Computing total derivative of Kinetic Energy w.r.t time

Question

I am confused as to how to take the total derivative $\frac{dKE}{dt}$, where $KE$ is the kinetic energy.

I know that $KE = 1/2 *m * \dot{\vec r} \cdot \dot{\vec r}$. From here, if I take derivative of both sides w.r.t. $dt$, how should I apply the chain rule and simplify?

Attempted Solution:

$$\frac{dKE}{dt} = \frac{\partial KE}{\partial t} \frac {dt}{dt}*\frac{\partial KE}{\partial {\vec r}} \frac {d{\vec r}}{dt}*\frac{\partial KE}{\partial \dot {\vec r}} \frac {d\dot {\vec r}}{dt}* ...$$ How do I proceed from here? The answer in most books is simply $m*\dot {\vec r}\cdot \ddot {\vec r}$, which I totally agree with if $KE$ is a function of $\dot {\vec r}$ only. Why should one assume that? Clearly, $\dot {\vec r}$ comes from ${\vec r}$ and $t$.

Answer 1

The equation you wrote is correct. All you need to do is take the partial derivative. I think this is where you got confused. You can check the difference between partial and total derivative.

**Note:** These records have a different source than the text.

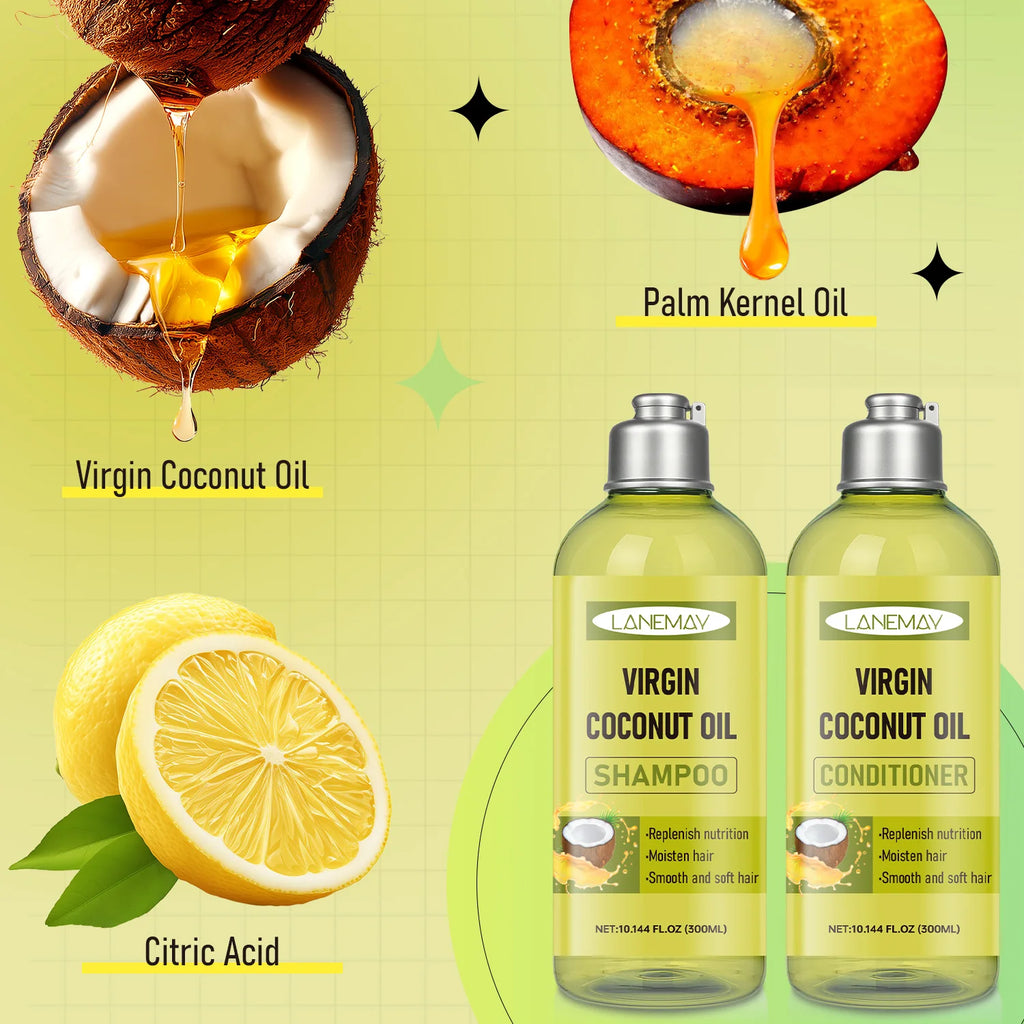 Lanemay Virgin Coconut Oil Shampoo & Conditioner Set Shampoo & Conditioner Set Qst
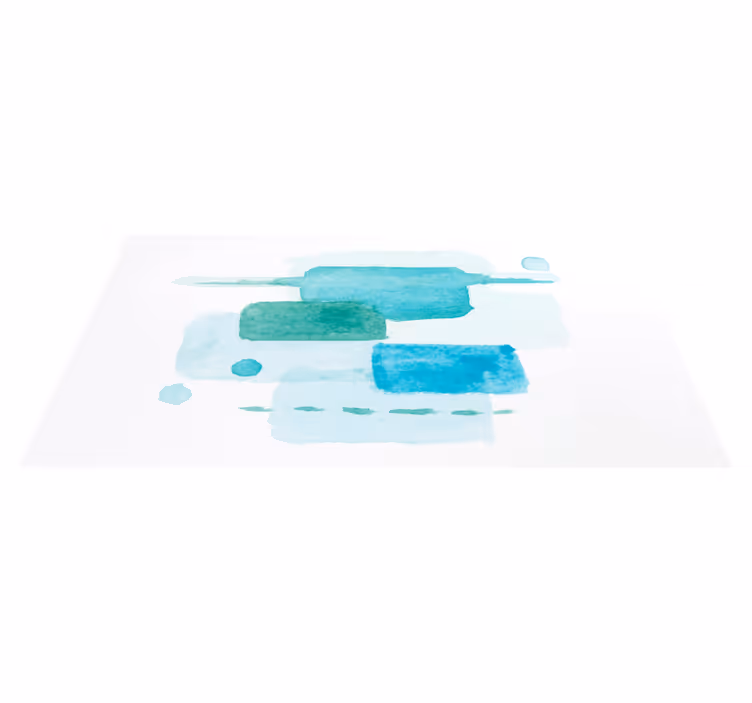 Akvarell kék ecsetvonások nordic vinyl szőnyeg - TenStickers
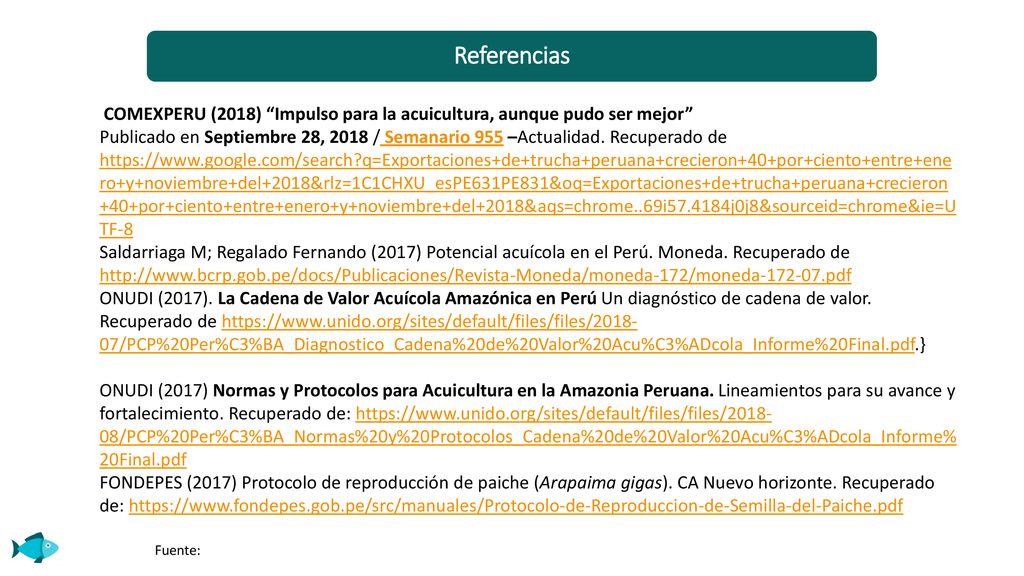 Referencias Comexperu (2018) Impulso para la acuicultura, aunque pudo ser mejor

So here is the answer:

$\dfrac{\partial KE}{\partial t} =\dfrac{\partial ( \dfrac{1}{2}\cdot m \cdot \dot{\vec{r}} \cdot \dot{\vec{r}})}{\partial t} = 0 $

$\dfrac{\partial KE}{\partial {\vec{r}} } =\dfrac{\partial ( \dfrac{1}{2}\cdot m \cdot \dot{\vec{r}} \cdot \dot{\vec{r}})}{\partial \vec{r}} = 0 $

$\dfrac{\partial KE}{\partial {\dot{\vec{r}}} } =\dfrac{\partial ( \dfrac{1}{2}\cdot m \cdot \dot{\vec{r}} \cdot \dot{\vec{r}})}{\partial \dot{\vec{r}}} = m \cdot \dot{\vec{r} } $

Therefore, from what you wrote we can conclude that $ \dfrac{dKE}{dt} = m \cdot \dot{\vec{r}\cdot } \ddot{\vec{r}}$. Simply because there is no $t$ nor ${\vec{r}}$ dependence explicitly in KE function.